There is a strong argument that 1994 was the last great year of revolution in popular music.

That year, grunge’s decline jumpstarted Brit Pop (Blur’s Parklife and Oasis’s Definitely Maybe), punk returned (Green Day’s Dookie), singer songwriters discovered an edge (Jeff Buckley’s Grace and Tori Amos’s Under The Pink), and rock regained its bite (Soundgarden’s Superunknown and Nine Inch Nails’ The Downward Spiral).

Meanwhile, one of West End’s homegrown sons was sidestepping all the influence and gathering together the fruits of his rich musical heritage to produce a 1994 masterpiece of his own. Rusting With The Chrome Boys was Paddy Dempsey’s glorious opening salvo, a diverse mix of musical imagination that reflected his own creative restlessness.

“In the early 90s, West End was a streetwise place. Tough. But it’s changed a lot,” Paddy said. In fact, as the other members of Sissybones – Paddy’s collective of recent years – arrive, it quickly becomes clear that West End is the [not so] silent fifth member. Vocalist extraordinaire Alison St Ledger, vocalist and violinist Sallianna Campbell, and bass player Robert Pound are quick to share their feelings on our unique suburb. “There is plenty of change, and the gentrification has created a juxtaposition between the old and the new, but it has deep roots and it remains just ‘weird enough’ to hold strong.”

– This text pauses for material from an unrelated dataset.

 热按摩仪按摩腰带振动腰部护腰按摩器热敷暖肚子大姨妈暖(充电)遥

The Sissybones relax at Paddy’s West End home, whose garden doubles as a rehearsal space: leafy, ambient and eclectic. It’s the perfect mix for their music, and the musician-come-City Hopper skipper is keen to remind us of the forthcoming fruits of their labour. “Our new album, Confessions of a Ferryman, is released on the 5th July at the Brisbane Sailing Club. A single, The Greatest Freak, will be revealed at The Powerhouse on the 5th June. I don’t want to give much away but let’s just say, the theme of the album is all revealed in the title track!”

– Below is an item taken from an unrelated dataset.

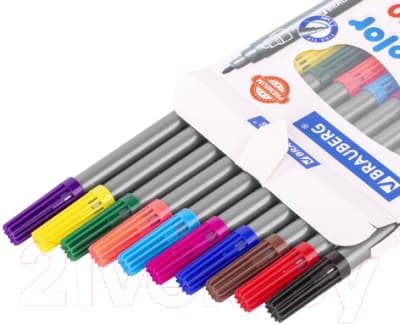 Фломастеры Brauberg Premium Dual-Tip / 151946 3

While Paddy has dipped in and out of music over the years, Sissybones kicked off about three years ago, after he worked closely with Alison. “We work at a good leisurely pace,” Alison said. “We do quality, not quantity. We enjoy making music and have a lot of fun; especially at practice!”

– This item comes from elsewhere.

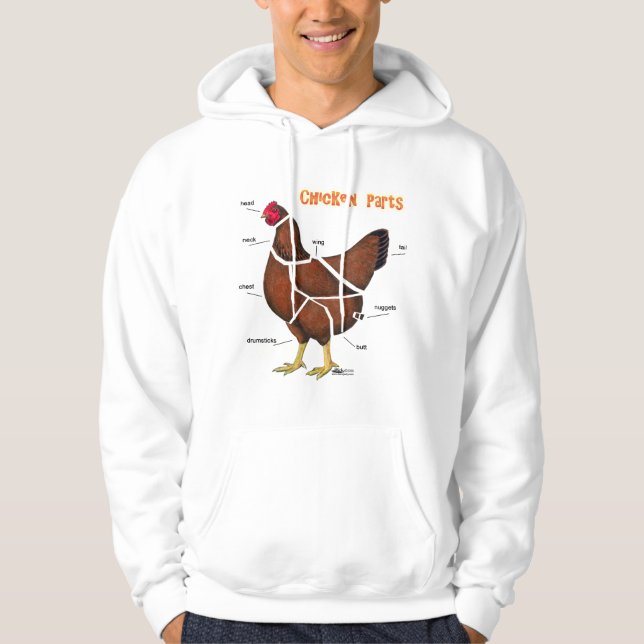 Chicken Parts Hoodie (Front)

Alison is one of West End’s creative dynamos – at times past and present, a director of Women in Voice, and the Cabaret Festival. Sallianna’s resume reads like a who’s who of musical A-listers: Bernard Fanning and Russell Morris to name but two. And Robert – a member of The Toothfaeries for years – seems enthralled by the multitude of genres in which he plays.nOn the forthcoming album, Paddy’s young daughters also feature. Maeve and Orla provide vocals, while Abbey contributes vocals and viola on the song, Open In.

This has been the most fun I’ve had at an interview for ages, and Paddy sums it up. “We love to sing and play. It makes us feel good on the inside.” You’ll feel good too, as soon as Paddy and The Sissybones release that intriguing new album.